Dollar General growing quickly, quietly
Scott Reeves Associated PressNASHVILLE, Tenn. -- Dollar General is sometimes mocked as the low- rent Wal-Mart, an even cheaper version of the world's largest retailer.
But Dollar General has quietly used a very different business model to become one of the fastest-growing retailers in the United States, opening more than half its 6,653 stores in the past five years. Instead of operating superstores with huge inventories like Wal-Mart, Dollar General opens smaller, more convenient stores in rural areas, or in poor neighborhoods of midsize cities.
"It's cheap and just like the stuff in Wal-Mart," said Naomi Gullette, who shops at a Dollar General store near a housing project in Nashville. "You can find anything at Wal-Mart. You can't do that here, but the price is right."
Analysts who follow the company give it good ratings.
"It's an excellent concept," said Daniel Barry, an analyst at Merrill Lynch & Co. in New York. "The company does a great job of serving the low-income consumer and offers a good selection of commodity items at low prices."
Dollar General sells food, beauty products, cleaning supplies, clothing and housewares, targeting customers with a median household income of less than $35,000. The typical transaction ranges between $8 and $13.
"We have one thing in common with Wal-Mart," said David Perdue, chief executive of Goodlettsville-based Dollar General. "Both companies took a down-home approach to satisfying an underserved customer."
The slow economy has helped the company's growth -- middle-income shoppers also find that Dollar General is a good place to buy certain everyday items, and households with a median income of more than $50,000 represent a growing source of revenue for the retailer.
But Dollar General doesn't try to compete with Wal-Mart's broad range of goods.
"When you're in a 'big-box' retail environment, you're obligated to compete on assortment," Perdue said. "In our 'small-box' environment, we don't have that luxury. So the merchandise mix we put in our stores has to be much more productive."
Wal-Mart stores continue to get bigger as the company has started selling groceries. The standard Dollar General store is only 7,000 to 8,500 square feet -- tiny when compared to Wal-Mart's typical 190,000- square-foot supercenter.
But Dollar General is testing a new format -- the Dollar General Market, which is about twice the size of a standard store and sells more food. The company says two test stores have exceeded revenue estimates, and there are plans to open another 20 next year.

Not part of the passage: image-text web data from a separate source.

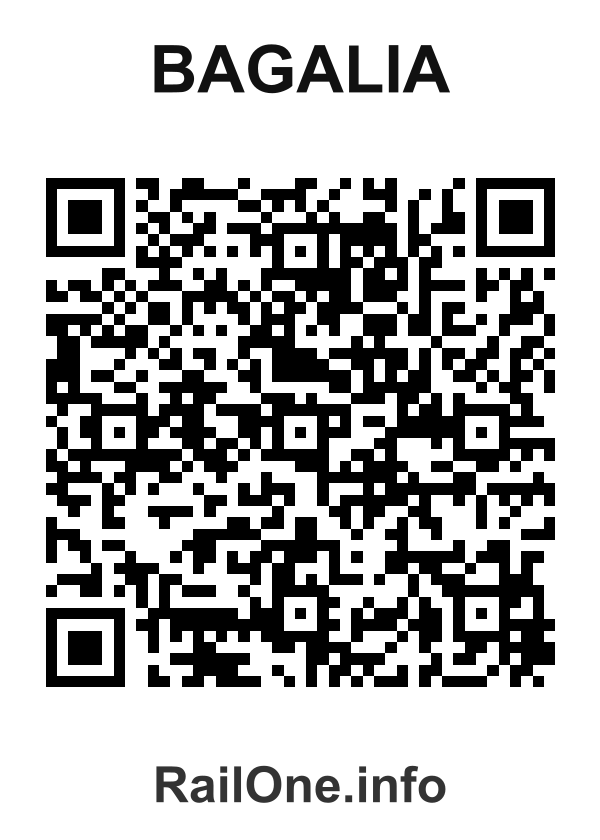 RailOne QR Code for Bagalia station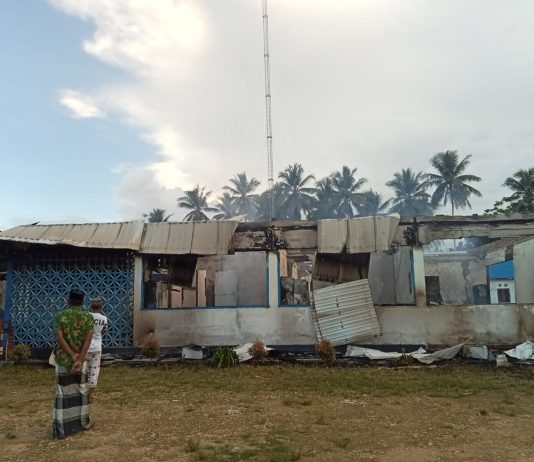 Kantor Dinas PUPR Mubar Ludes Dilalap Api, Tidak Ada Dokumen Terselamatkan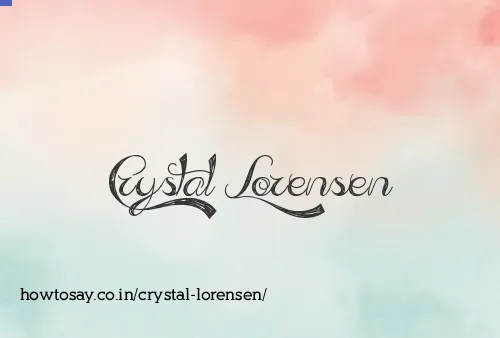 Crystal Lorensen
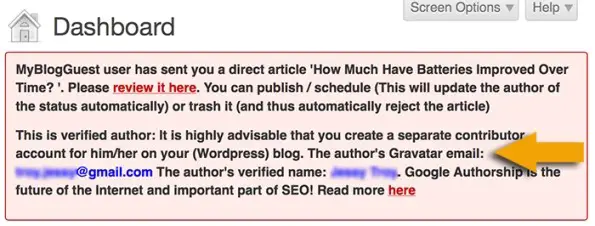 separate contributor account for verified authors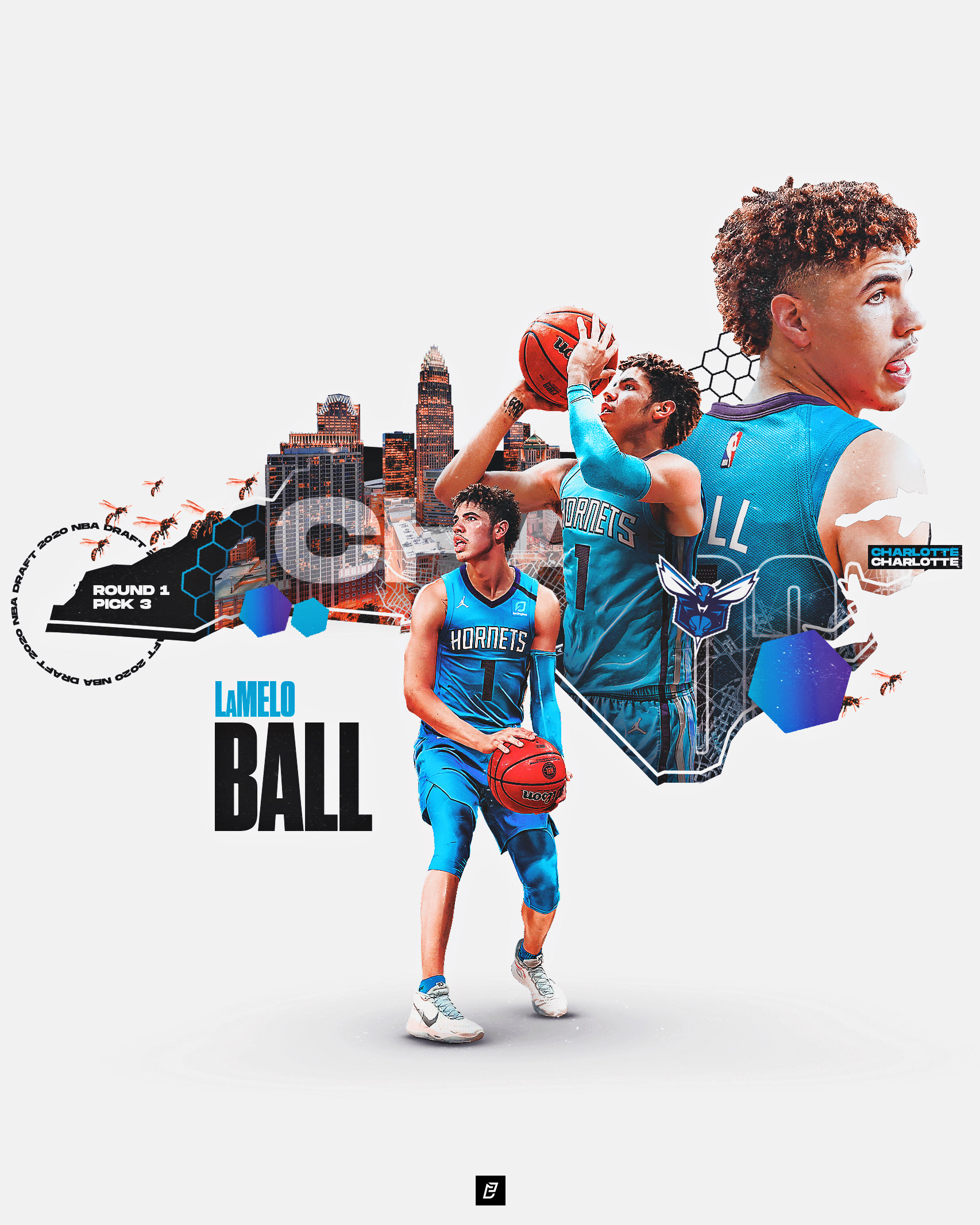 1710x2140 LaMelo Ball x Charlotte Hornets, Phone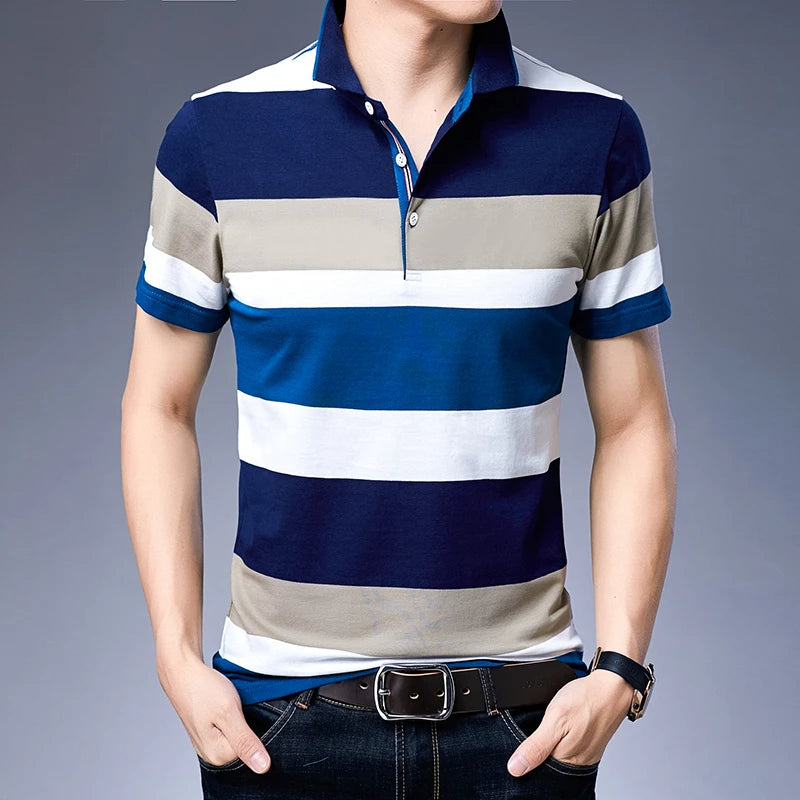 Johan | Striped Breathable Men's Polo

A new Dollar General store can be open in nine months, including site acquisition, permits and construction, for a cost of about $82,000. The storefront may be as small as 50 feet and rarely exceeds 100 feet.
While Wal-Mart has moved into big cities, competing with major supermarket chains, Dollar General has stayed in small towns, opening most stores in cities with fewer than 75,000 people. Its major competitors are Family Dollar, Dollar Tree, 99 Cents Only and Fred's.
J.L. Turner and his son Cal started the company as a wholesale business in 1939, and the first Dollar General Store opened in Springfield, Ky., in 1955.
The company expects to open about 660 new stores this year and about 675 next year. It already has stores in 27 states, mostly in the South and Midwest, and it will open its first stores in Arizona, New Mexico and Wisconsin next year.
Sales are expected to rise nearly 15 percent this year, and net income is expected to be up about 28 percent. Its stock recently sold on the New York Stock Exchange near its 52-week high of $23.40 a share.
The company has maintained its growth despite a Securities and Exchange Commission investigation.
Former CEO Cal Turner Jr., grandson of the company's founder, resigned last September after Dollar General acknowledged overstating profits by $100 million from 1998-2000. The company fired its auditor and agreed in January to pay $162 million to settle related shareholder lawsuits.
"The company has new management -- the accounting scandal happened under the old team," Merrill Lynch's Barry said. "My guess is that the SEC will impose a fine, but I don't think it will be excessive."
Perdue took over in April and hired Lawrence V. Jackson, a longtime executive at Pepsi-Cola Co. and more recently at Safeway Inc., to be the company's president.
Customers don't seem troubled by accounting problems or management changes. Nashville forklift operator Melton Wilson identified the two main reasons he shops at Dollar General: It's "close to my house and cheap," he said.
Mattie Alexander, who bought a mop and Christmas decorations at Dollar General, agreed: "They have great bargains. It's a good store to have in the neighborhood," she said.